Ontem eu vinha com um amigo pelo Arpoador quando ele se deteve, junto ao posto de salvamento. Ali existe uma placa explicando, em três línguas, o sentido das bandeirinhas que são hasteadas no mastro do posto. Banho normal, com assistência, banho perigoso, com assistência, banho perigoso, sem assistência. Meu amigo, que é diplomata, e tem passado estes últimos cinco anos quase sempre fora do país, achou que aquele aviso, tão bem feito, era um sinal de progresso do Brasil. Na Suíça — disse ele — seria uma completa banalidade; mas aqui no Rio esse capricho, essa atenção dos funcionários municipais, mostra que entramos em uma era nova...
Quando continuamos a andar, meu amigo se voltou para ver o que diziam as bandeirinhas do posto, agora que ele já conhecia o código. E não havia bandeirinha nenhuma.
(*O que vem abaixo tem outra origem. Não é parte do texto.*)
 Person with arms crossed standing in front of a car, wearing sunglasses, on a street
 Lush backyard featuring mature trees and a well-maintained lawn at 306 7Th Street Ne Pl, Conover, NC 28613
Não havia, como não há placas na maioria das esquinas, como não há policiamento nos bairros, como não há água nas torneiras, como não há telefone, como não há transporte. Mas a manhã era tão bonita e a água estava tão boa que a nossa conversa anfíbia, dali a dois minutos, não chegava a ser triste. Mesmo sem bandeirinhas o mar existe — disse ele — e isso a Prefeitura ainda não conseguiu acabar, nem mesmo encarecer; apenas consegue sujar com seus esgotos em alguns trechos. E, entre dois mergulhos, chegamos à conclusão de que a nossa sorte está em que esses governos da cidade e do país ainda não conseguiram organizar a nossa vida como eles gostariam. No dia em que isso acontecer, estaremos perdidos. Se todas as leis, regulamentos e portarias existentes sobre a nossa cabeça fossem cumpridos, o Brasil ficaria irrespirável. Será eternamente inexplicável como o povo mais católico do mundo é aquele em que se faz com mais furor o Carnaval; e isso que acontece no terreno espiritual é apenas uma pequena mostra de nossas inconsequências na vida quotidiana.
Nossa vida é toda feita à margem de sua própria organização; nós vivemos “por fora”, como pagamos na feira o produto tabelado. Não temos normas; temos “jeitos” de fazer as coisas. A Câmara não aprova o parlamentarismo; mas o Executivo o pratica diariamente, com o ministro da Fazenda a discutir com o presidente do Banco do Brasil, o diretor da Central com o ministro da Viação e até há pouco tempo o chefe de Polícia com o ministro da Justiça. Enquanto eles debatem, não resolvem nada; e enquanto eles não resolvem a gente vai vivendo. Não há divórcio, mas a gente se casa outra vez. As favelas são proibidas, mas o pobre continua armando o seu barraco. Quando conseguimos firmar mais ou menos a nossa democracia — graças a um golpe militar — entregamos o posto supremo — graças a eleições livres — a um velho ditador. E quando lemos no jornal que está proibido o futebol nas praias, murmuramos distraídos: “é mesmo, precisamos comprar uma bola”.
No meio de tudo isso os Fenianos estão ameaçados de penhora e leilão de seu patrimônio — e o leiloeiro, que é “democrático”, dá um jeitinho de evitar o leilão. Entre os bens está um busto em gesso do sr. Getúlio Vargas avaliado em cem cruzeiros. Eu gostaria de arrematá-lo. Faria presente dele à minha cozinheira, que votou em Getúlio e se ele ficar dependurado em cima do fogão de cabeça para baixo eu não tenho nada com isso.